___ Given data

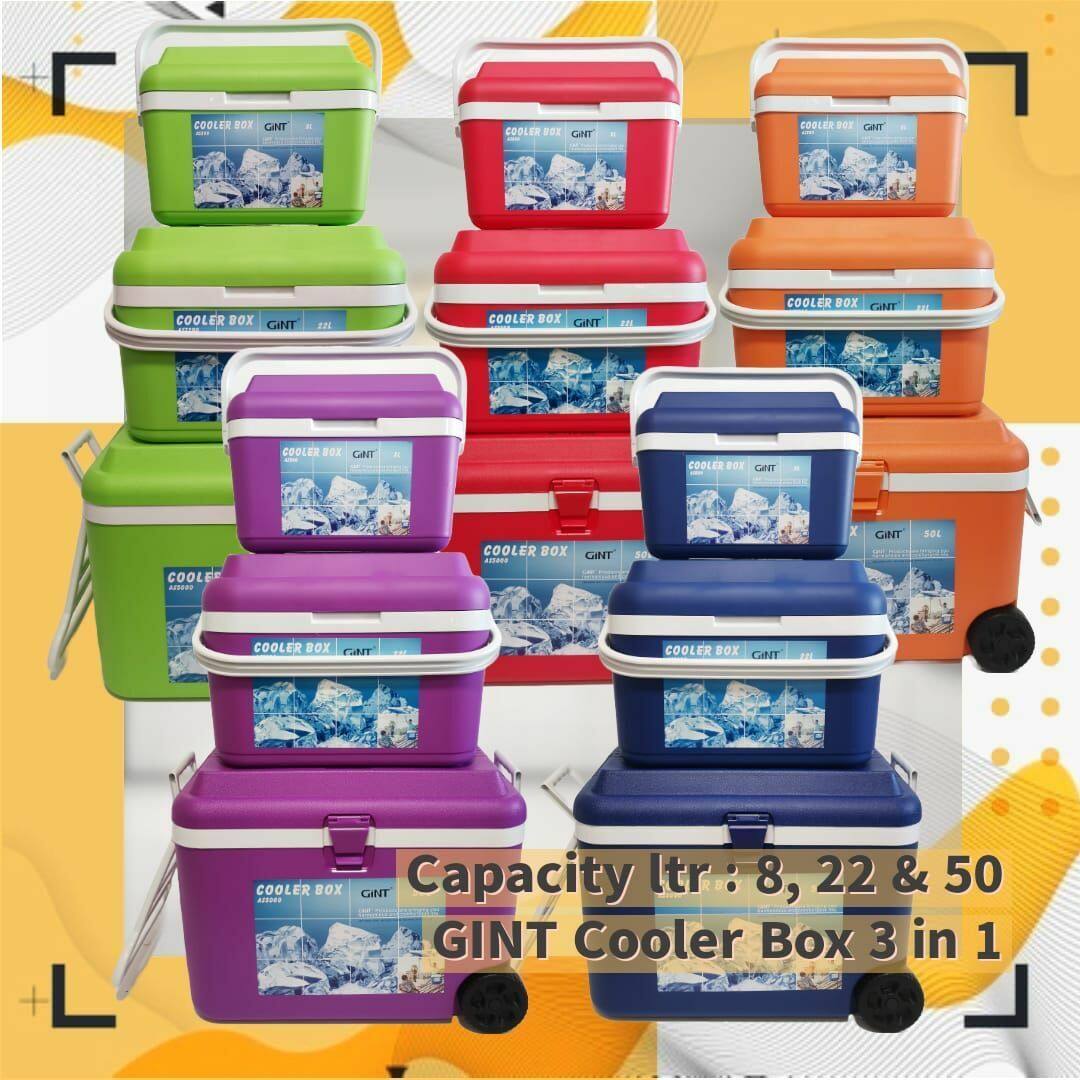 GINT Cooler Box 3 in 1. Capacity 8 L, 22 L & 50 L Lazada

______
___ Given data

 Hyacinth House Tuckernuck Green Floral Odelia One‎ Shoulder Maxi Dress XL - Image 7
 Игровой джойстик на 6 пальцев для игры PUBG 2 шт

______

[Task]: Beginning with the line containing "Hyacinth House Tuckernuck" in the material above, copy every line exactly until you have copied the line containing "Игровой джойстик на".

[Solution for this exercise]:
 Hyacinth House Tuckernuck Green Floral Odelia One‎ Shoulder Maxi Dress XL - Image 7
 Игровой джойстик на 6 пальцев для игры PUBG 2 шт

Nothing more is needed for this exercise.